Richard B., Mitinhaber der GmbH mit Sitz in München, die den Streifen am Straßenrand ersteigerte, bezeichnet den Kauf der Immobilie als "ganz normale Kapitalanlage". Schließlich sei das Gelände im Gutachten zur Versteigerung als "Parkplatzgrundstück" angeboten worden, das man vermieten könne, erklärt er auf SZ-Anfrage. Davon, dass der Erwerb in Gröbenzell Konfusionen über die Eigentumsverhältnisse auslöste und es die Meinung gab, es handle sich bei dem Streifen um ein öffentlich zu nutzendes Grundstück, habe er erst hinterher erfahren.

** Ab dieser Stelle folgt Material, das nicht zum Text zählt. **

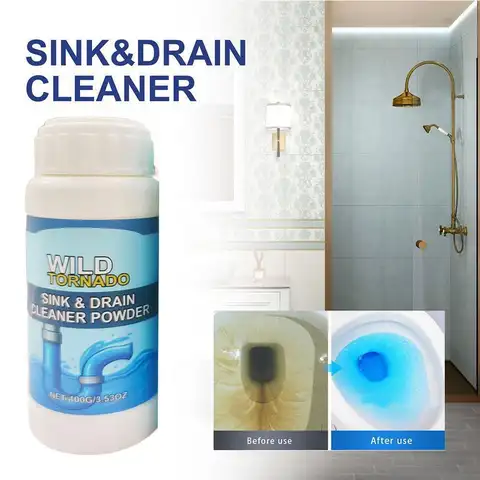 Wild Tornado 100g Pipe Dredge Powerful Sink Cleaner Quickly Dissolve Blockages for Kitchen Toilet Pipeline Cleaning Tool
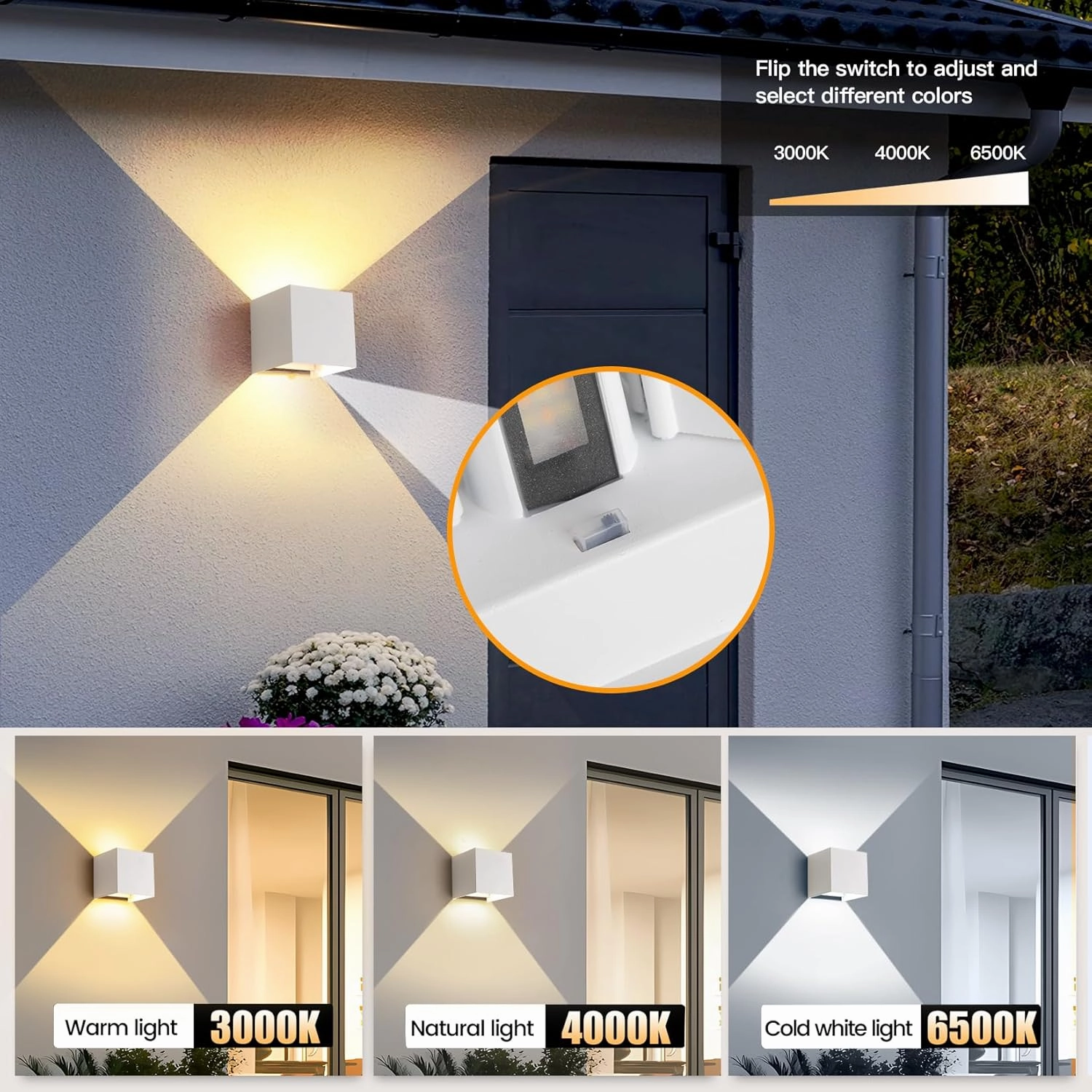 20W Outdoor Modern Wall Light & Indoor Wall Lights,Square White Wall Sconce,3-Color-Temperature Dimming and Adjustable Beam,Waterproof & Rust-Resistant,4.72inch Wall Lamp for Any Setting Use(1 Pack)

Bestätigt sieht sich der Investor durch seinen bisherigen Erfolg als Vermieter. So sei bereits in der vergangenen Woche die Hälfte der 44 Stellplätze vermietet gewesen. Zurzeit werden diese bevorzugt den Bewohnern der Gebäude Bernhard-Rößner-Straße 15 und 17 sowie der Ammerseestraße 26 angeboten.